- **What you should do**: Without including any pictures, retype exactly the lines from the top of the records through the line containing "food concept. 137455692", that final line included.

- **Record set**:
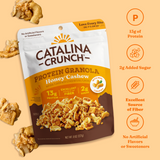 Catalina Crunch Protein Granola package with granola pieces on a beige background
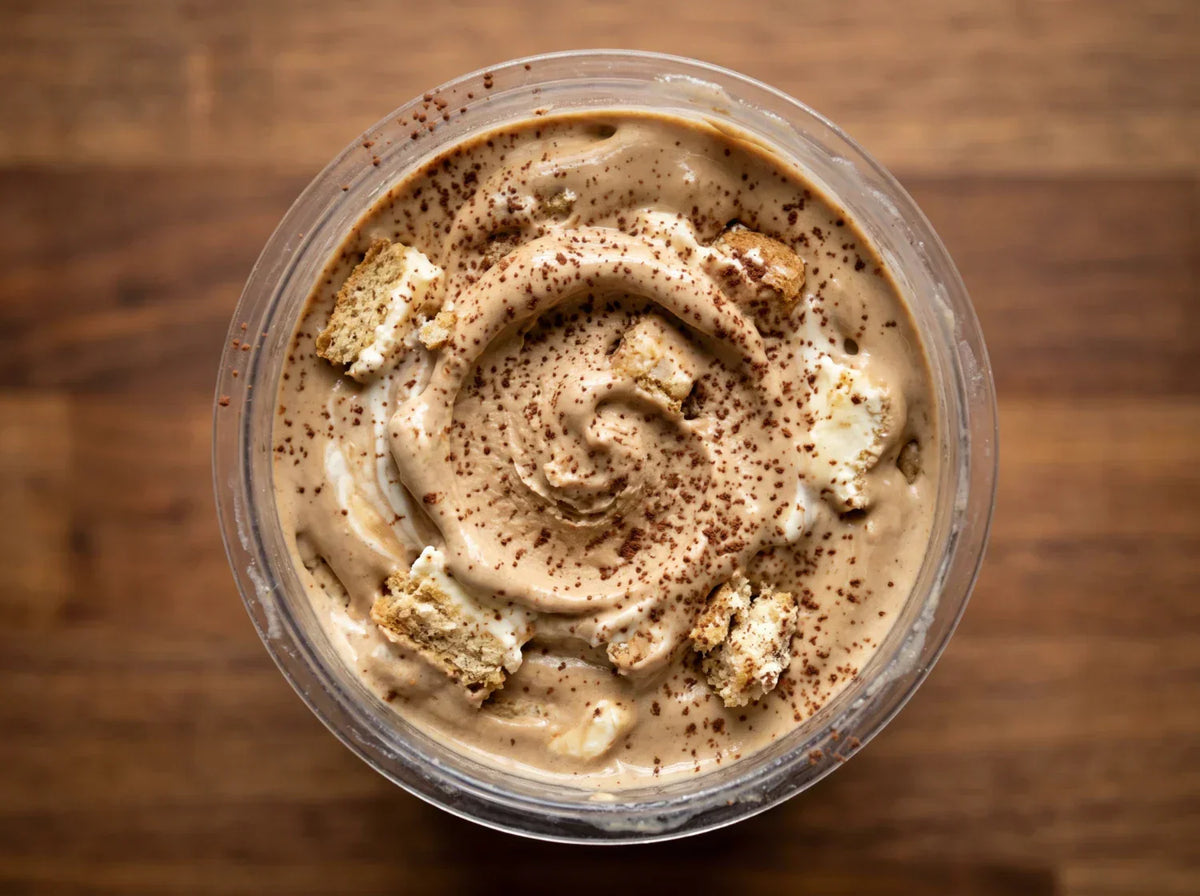 Tiramisu Ninja Creami recipe made with CRUSHS protein ice cream mix, mascarpone, ladyfingers, and cocoa powder.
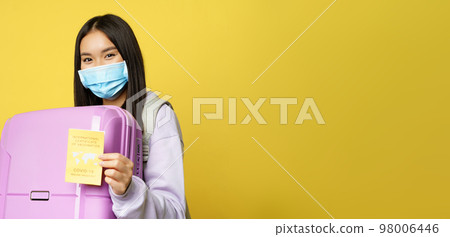 Covid-19 and tourism concept. Happy asian female tourist holding suitcase, showing international coronavirus vaccination certificate for travelling, yellow background Covid-19 and tourism concept. Happy asian female tourist holding suitcase, showing international coronavirus vaccination certificate for travelling, yellow background 98006446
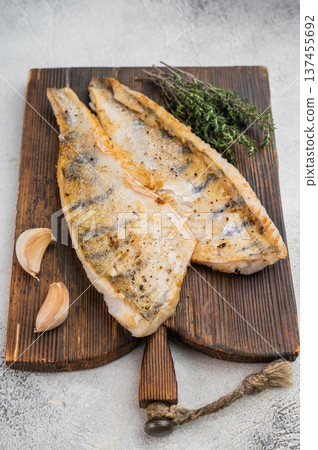 Lean fried white fish with fresh herbs and natural seasoning, high protein healthy food concept. Lean fried white fish with fresh herbs and natural seasoning, high protein healthy food concept. 137455692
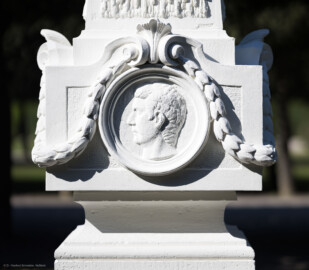 Schloss und Schlossgarten Schwetzingen - Garten - Kreisparterre, nordöstliches Rasenfeld, entlang der Nord-Süd-Achse - Nordöstlicher Obelisk, Ostseite - Blick auf ein männliches verwittertes Profilbildnis / Flachrelief, umgeben von einem Lorbeerfeston (Person nicht eindeutig identifizierbar) (Bildhauer: Peter Anton von Verschaffelt (1710-1793); Datierung: 1762-69; Obelisk Teil einer Vierergruppe im Kreisparterre; Material: roter Sandstein (Medaillons aus gelbem Sandstein); Fassung: Weiß; Obelisk dreigeteilt; Sockel, Block mit Medaillonbildnissen, eigentlicher Obelisk; Abmessungen: Höhe ca. 6 Meter, Sockel Höhe 155 cm / Breite 87 cm, Block mit Medaillons Höhe 67 cm / Breite 87 cm; Obelisk oben mit Tropfsteindekor) (aufgenommen im September 2023, am späten Vormittag)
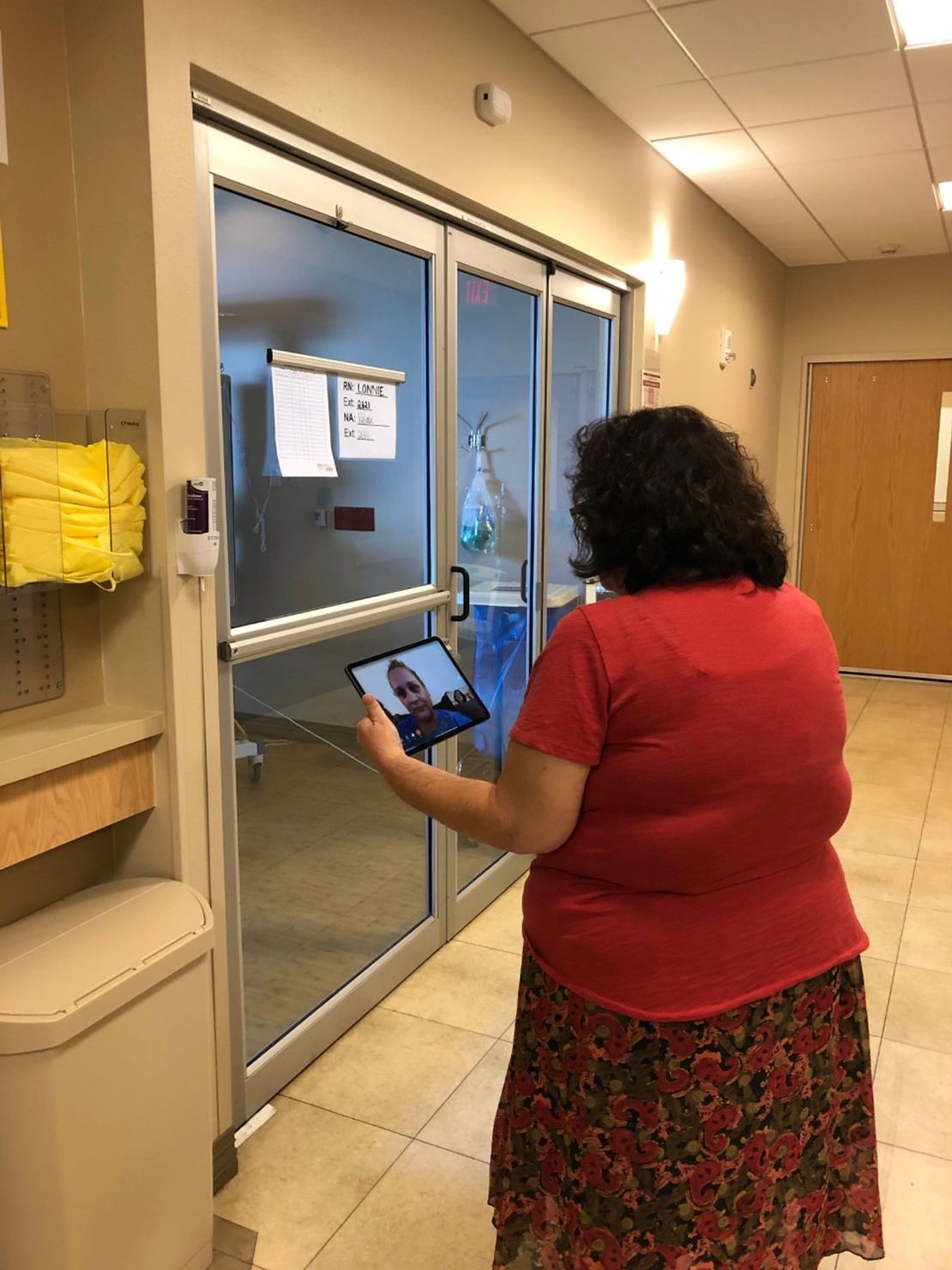 Chaplain Melinda Plumley can't visit coronavirus patients in their rooms and uses an iPad to communicate remotely.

- **Solution to this problem**:
 Catalina Crunch Protein Granola package with granola pieces on a beige background
 Tiramisu Ninja Creami recipe made with CRUSHS protein ice cream mix, mascarpone, ladyfingers, and cocoa powder.
 Covid-19 and tourism concept. Happy asian female tourist holding suitcase, showing international coronavirus vaccination certificate for travelling, yellow background Covid-19 and tourism concept. Happy asian female tourist holding suitcase, showing international coronavirus vaccination certificate for travelling, yellow background 98006446
 Lean fried white fish with fresh herbs and natural seasoning, high protein healthy food concept. Lean fried white fish with fresh herbs and natural seasoning, high protein healthy food concept. 137455692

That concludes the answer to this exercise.